Thursday, May 03, 2007

Fascists under the bed

Daniel Davies suggests that the reason that there is a rise in support for the BNP is the remodelling of the Conservative Party under David Cameron - that the tiny minority of British 'fascists' no longer feel at home under the blue banner and have moved over to the BNP. Unprovable of course, but reasonably convincing. Except that the areas where the BNP are starting to make inroads aren't mainly in Conservative areas - and even where they are it seems to be the Labour vote that's every bit as affected.
The reason, I suspect, is that in the main new BNP voters are not terribly politically sophisticated and will often vote for a party out of habit/tribal instinct etc. What seems to be happening (at least according to the shrieks of pain emanating from Polly) is that such tribal voters are widely re-considering their habits. Endless newspaper analyses of whether and how the Conservatives have changed will do that to the right; loans for peerages and the War on Iraq will do that to the left. Make people re-evaluate their long unquestioned allegiances and you'll generate churn.

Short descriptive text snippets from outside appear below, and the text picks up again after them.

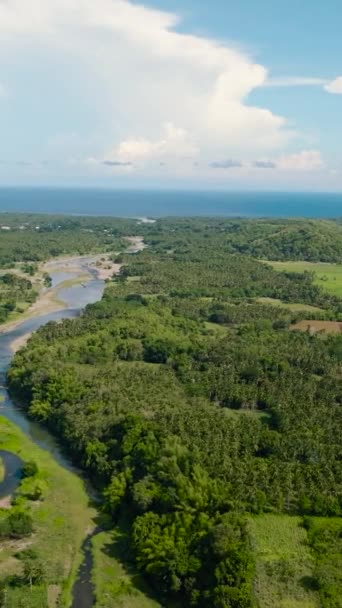 Rivière Parmi Les Terres Agricoles Rizières Sous Les Tropiques Negros — Video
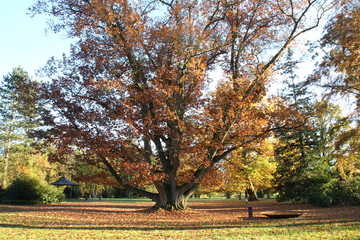Ein Klostergarten im Herbst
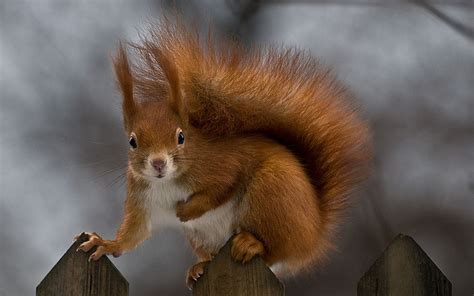 🔥 [50+] Baby Squirrel Wallpapers | WallpaperSafari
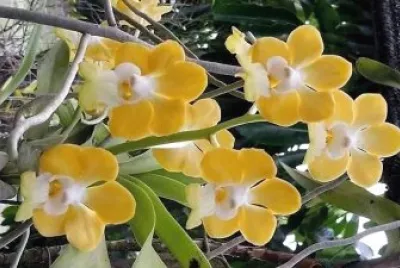 flores
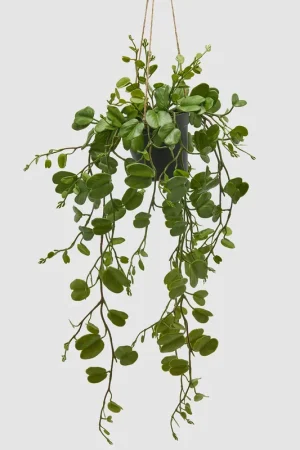 Compra Adesso EDG Enzo De Gasperi Bauhinia con vaso Da Appendere H64 cm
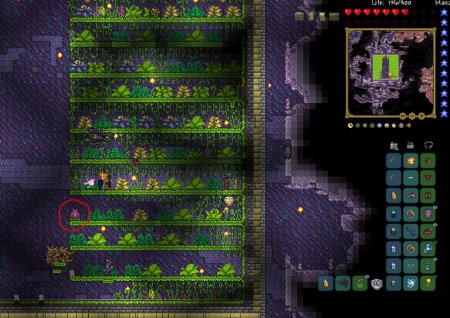 Арена для плантеры .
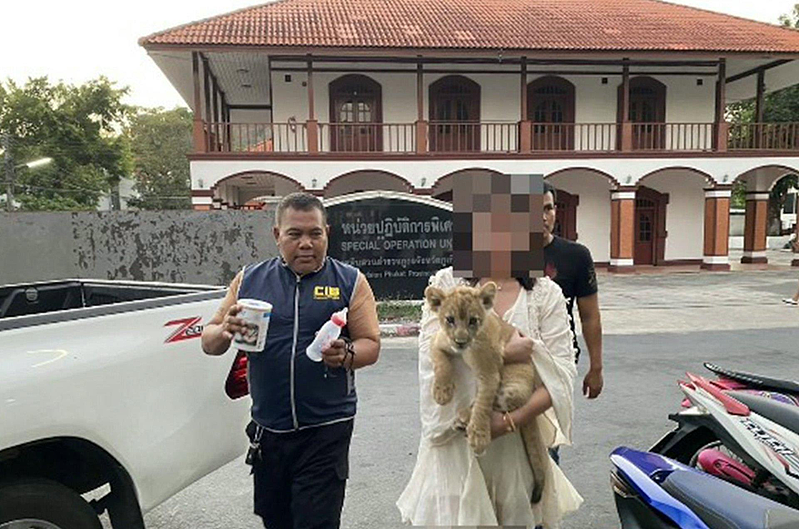 华女酒店房间内养狮子、还带去咖啡店，在泰国被逮捕（图） - 1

Throw into the mix that a small minority of people are bigoted zealots and you'll see an increase in support for the party that matches their beliefs.
On top of that, add a whole plethora of news and comment of the sort that Laban so cogently writes on, and it's not hard to see why support for the BNP increases. Especially among the sort of person who doesn't like politicians and doesn't trust the media.

1 Comments:

Blogger bgprior said...

Did you notice Norman Tebbit's observation several months ago that many of the BNP's policies were more socialist than conservative? To which I was inclined to respond "of course they are". Fascism is a flavour of socialism, closely related to communism. They are all about blaming others for your misfortunes, and expecting the government to put it right. And as Mises and Hayek both pointed out many times, socialism and even its milder version sometimes labelled interventionism has a natural tendency to drift into authoritarianism. After all, the whole basis of all these ideas is that society (represented by the state) takes precedence over the individual - once you accept that you are only a short step away from those who embody the state ordering people to do what they judge is in society's interests.

The real political spectrum is from totalitarianism (including communism and fascism) on the left, through socialism, interventionism, classical liberalism and reaching anarchism on the right. It's about how much the government should intervene in our lives.

Fascists are far-left, not far-right. They have always appealed to disappointed socialists. Have a look at the growth of socialism and the retreat of liberalism in Germany from the mid-nineteenth century onwards, and particularly the failed socialist experiments following WW1, to see where disappointed socialist expectations lead to.